Andreea Răsuceanu est une écrivaine roumaine, docteur ès Lettres. Elle a bénéficié d’une bourse postdoctorale qui lui a permis de suivre un stage de 6 mois à la Sorbonne – Paris 3 qui a abouti avec la publication de l’étude Le Bucarest de Mircea Eliade. Eléments de géographie littéraire. Elle a publié de nombreux articles dans des revues culturelles, telles que Viaţa Românească, România literară, Observator cultural, Bucureştiul Cultural, Idei în dialog, Dilema veche, Convorbiri literare etc. Elle a traduit plusieurs livres de l’anglais et écrit des préfaces. Son premier livre Cele două Mântulese (Editions Vremea, 2019) a été nominalisé pour le prix de la revue România literaraet pour le grand prix Protheus. En 2013, elle publie Bucureștiul lui Mircea Eliade. Elemente de geografie literară, nominalisé pour les prix de l’Union des Ecrivains roumains et pour les prix de la revue Observator cultural. Elle a reçu le Prix du Jeune critique de l’annoée 2013. En 2016 elle publie Bucureștiul literar. Șase lecturi posibile ale orașului (Humanitas). En 2018, elle publie le roman O formă de viață necunoscută (Humanitas), et 2019, les Editions Humanitas publient Dicționar de locuri literare bucureștene (écrit avec Corina Ciocârlie).

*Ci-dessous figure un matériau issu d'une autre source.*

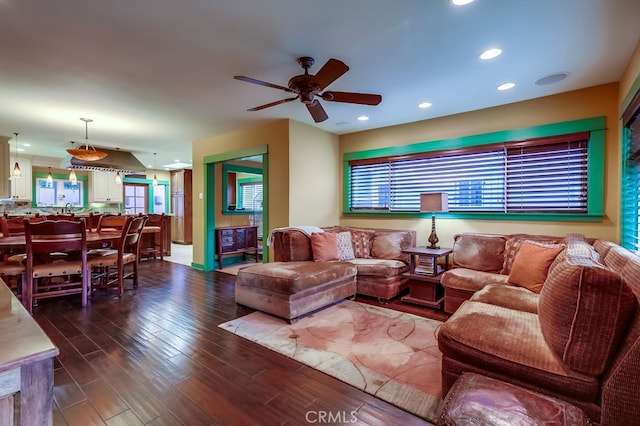 living area with recessed lighting, ceiling fan, and wood finished floors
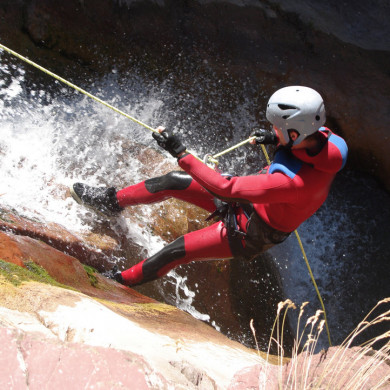 Sportif en combinaison et casque pratiquant le canyoning en descente de cascade
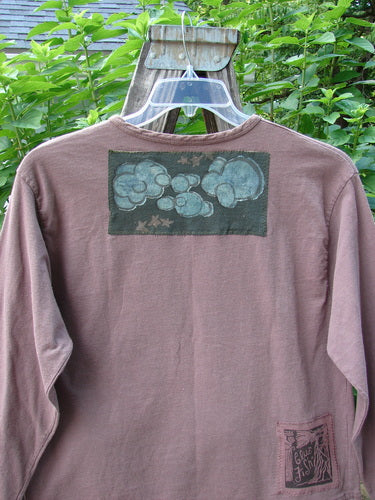 1994 PMU Patched Long Sleeved Tee Rosewood Size 1 displayed on a hanger, featuring a rolled neckline, shortened hemline, cozy long sleeves, and significant playground and cloud-themed patches.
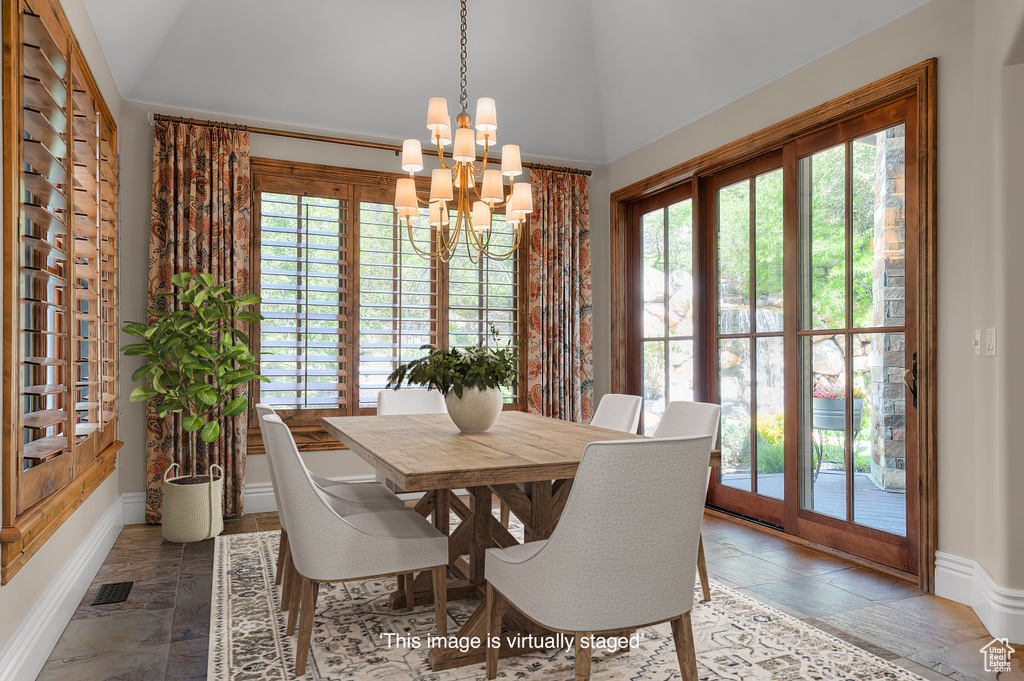 Dining area with a chandelier, lofted ceiling, healthy amount of natural light, baseboards, and stone tile flooring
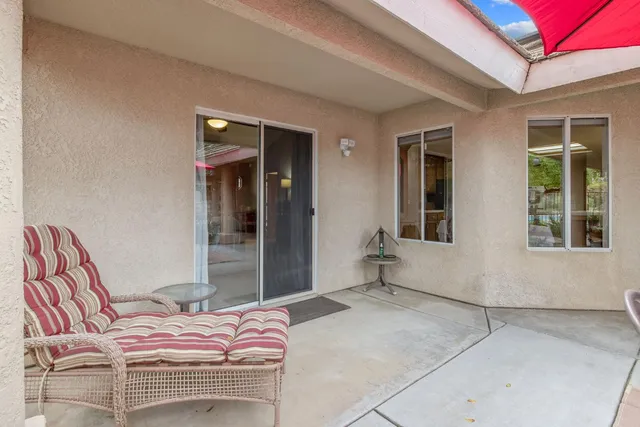 an outdoor view of a house with swimming pool and furniture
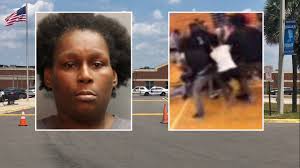 Woman with gun arrested after fight at Ribault High School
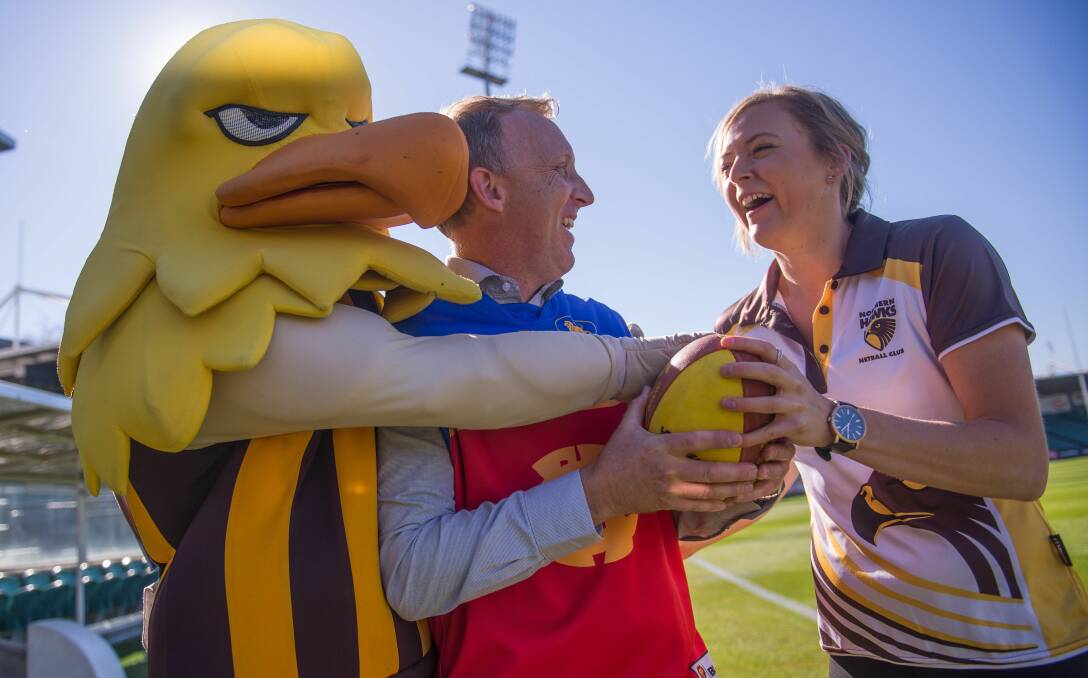 READY: Hawka, Meander Valley mayor Craig Perkins and Northern Hawks netball side captain Ashton Whiley call on people to support Saturday's match. Picture: Scott Gelston. 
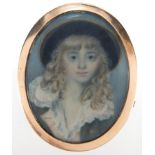 19th century oval hand painted portrait miniature onto ivory of a young gentleman wearing a hat,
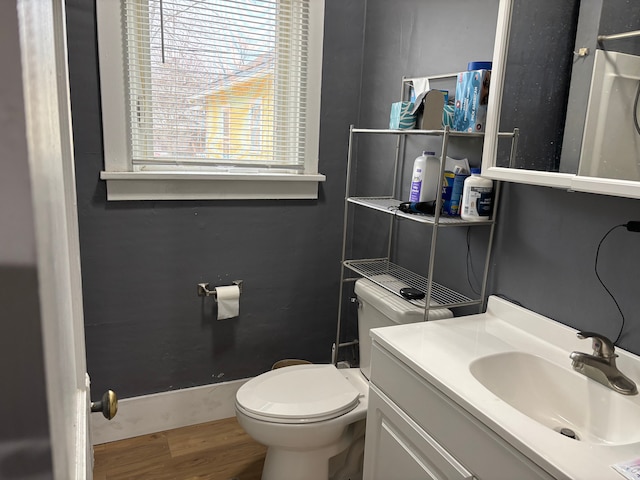 1720 White St, Port Huron, MI 48060 - half bath with wood finished floors, toilet, and vanity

Elle est aussi l’auteure de prose courte publiée dans plusieurs revues littéraires et ouvrages collectifs : Bucureștiul meu (Humanitas, 2016), Cărți, filme, muzici și alte distracții din comunism (Polirom, 2014), Bookătăria de texte și imagini 2 (Pandora-M, 2016), Ferestre din București și poveștile lor (Editura Peter Pan, 2015), Orașul. Antologie de proză (Gestalt Books, 2016), Tot înainte! Amintiri din copilărie (Curtea Veche, 2016), In the Mood for Love (Paralela 45, 2019), Cum să fii fericit în România (Humanitas, 2017), Cartea întâmplărilor (Humanitas, 2019).
Son roman O formă de viață necunoscută (Une forme de vie inconnue) a figuré sur la liste du Festival du Premier Roman de Chambéry et des fragments ont été traduits en anglais, français, turc et espagnol. La critique qualifie ce roman comme un des plus importants et des plus étonnants livres écrits ces dernières années.